A coexistência de quatro Programas de gestão de fundos comunitários sob a alçada  da  AG  do  PESSOAS  2030,  coloca-nos  pressões   e   oportunidades   de   natureza   diversa.  Desde  logo,  de  natureza  organizacional,  uma  vez  que  implica  a  fusão  de  dois  organismos  –  a  AG  do  POCH  e  a  AG do POISE e do POAPMC. De natureza  procedimental,  uma  vez  que  três  destes  programas  são  financiados  pelo  FSE  e  um  pelo  Fundo  de  Auxílio  Europeu  às  Pessoas  Mais  Carenciadas  (FEAC),  três  são  financiados  ao  abrigo  do  PT  2020  e  um  do  PT  2030,  pelo  que,  tanto  pela  diferenciação  do  fundo  europeu  como  dos  períodos  de  programação,  o  quadro  legal  e  normativo  incorpora  combinações  distintas  e  variadas  de  atuação  e  de  tomada  de  decisão.  E  de  natureza  gestionária,  considerando  que  os  programas  são  diferentes  e  têm  de  ser  geridos  na  preservação dessa diferença – o POCH tem uma dotação de 3,8 MM€ e 7.770 candidaturas aprovadas,  o  POISE  uma  dotação  de  2,6  MM€  e  4.900  candidaturas  aprovadas,  o  POAPMC  uma  dotação  de  208  M€  e  300  candidaturas  aprovadas,  e  o  ainda  jovem  PESSOAS  2030  com  uma  dotação  de  6,7  MM€ -, para além da heterogeneidade de medidas, entidades beneficiárias e modalidades de financiamento.

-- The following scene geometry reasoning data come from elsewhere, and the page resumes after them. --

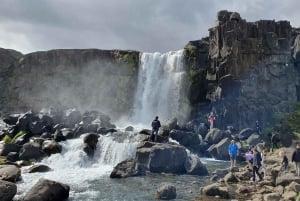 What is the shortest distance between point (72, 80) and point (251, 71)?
42.5 meters

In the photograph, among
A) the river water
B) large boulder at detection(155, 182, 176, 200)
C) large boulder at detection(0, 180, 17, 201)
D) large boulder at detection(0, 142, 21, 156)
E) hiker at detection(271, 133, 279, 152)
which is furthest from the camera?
hiker at detection(271, 133, 279, 152)

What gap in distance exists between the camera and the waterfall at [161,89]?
65188 millimetres

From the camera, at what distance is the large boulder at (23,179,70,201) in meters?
19.6

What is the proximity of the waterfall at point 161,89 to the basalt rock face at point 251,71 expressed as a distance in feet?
23.0

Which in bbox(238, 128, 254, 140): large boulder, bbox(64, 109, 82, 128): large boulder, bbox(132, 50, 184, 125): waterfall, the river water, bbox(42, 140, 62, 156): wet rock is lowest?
the river water

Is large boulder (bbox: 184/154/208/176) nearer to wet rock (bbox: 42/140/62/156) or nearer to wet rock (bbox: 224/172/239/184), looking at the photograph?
wet rock (bbox: 224/172/239/184)

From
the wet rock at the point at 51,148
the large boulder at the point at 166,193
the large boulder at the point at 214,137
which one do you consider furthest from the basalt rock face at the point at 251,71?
the large boulder at the point at 166,193

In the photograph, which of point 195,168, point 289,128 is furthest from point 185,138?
point 289,128

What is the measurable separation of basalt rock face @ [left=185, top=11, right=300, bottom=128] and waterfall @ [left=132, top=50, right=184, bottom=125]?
701cm

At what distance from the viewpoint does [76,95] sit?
81125mm

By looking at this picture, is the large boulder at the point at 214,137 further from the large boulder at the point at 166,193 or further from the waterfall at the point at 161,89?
the large boulder at the point at 166,193

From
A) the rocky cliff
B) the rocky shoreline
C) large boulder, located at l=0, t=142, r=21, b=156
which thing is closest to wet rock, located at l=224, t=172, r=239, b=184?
the rocky shoreline

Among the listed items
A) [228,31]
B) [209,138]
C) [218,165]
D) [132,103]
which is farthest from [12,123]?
[228,31]

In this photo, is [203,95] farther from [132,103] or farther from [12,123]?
[12,123] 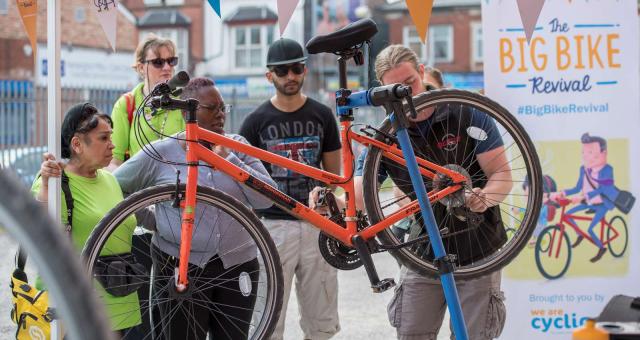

E em termos futuros, o que podemos esperar do PESSOAS 2030? Dar resposta  a  alguns  dos  maiores  problemas  enfrentados  pelo  país  será  sempre  a  principal causa pela qual se movem?

O  nosso  papel,  o  papel  do  PESSOAS  2030, é apoiar os instrumentos de política pública configurados para retirar o País de uma  posição  de  fragilidade  estrutural  em  três  dimensões:  o  défice  de  qualificação  dos  portugueses,  o  défice  de  competitividade da economia e o défice de coesão social e territorial.

Estes  três  défices  estruturais  alimentam-se num ciclo perpétuo de baixas qualificações e competências – baixa produtividade – fraca competitividade da economia – baixos salários, desemprego e fenómenos de  pobreza  e  exclusão  social  –  baixa  natalidade  –  diminuição  da  população  ativa  e envelhecimento demográfico – estrangula mento  do  funcionamento  do  mercado  de  trabalho -, que é urgente interromper.

A aceleração das transformações de contexto dos últimos anos – saúde, volatilidade geopolítica,  ordem  económica  internacional,  digitalização,  automação,  inteligência  artificial,  cibersegurança  -,  aliadas  a  pressões  sociais,  demográficas  e  ambientais,  tem vindo a aprofundar ainda mais as distorções no funcionamento do mercado de trabalho, reclamando especial atenção das políticas públicas.

A missão do PESSOAS 2030 atua precisamente no âmago desta sucessão negativa aliada a este contexto transformativo, acelerado e incerto. Resolver o défice de qualificações  e  de  competências,  promover  a  conciliação entre a vida profissional e pessoal, incentivar a natalidade, a imigração, o envelhecimento ativo, a inclusão social de todos, combater a inatividade, estimular o emprego de qualidade para alimentar uma economia  mais  robusta  e  dinâmica  e  criar  condições  para  atrair  e  reter  talento,  são  certamente   sementes   de   transformação   que transportam a promessa de um Portugal mais justo, mais inclusivo, mais próspero e refletem o compromisso coletivo para construir   uma   sociedade   onde   TODOS   têm um lugar.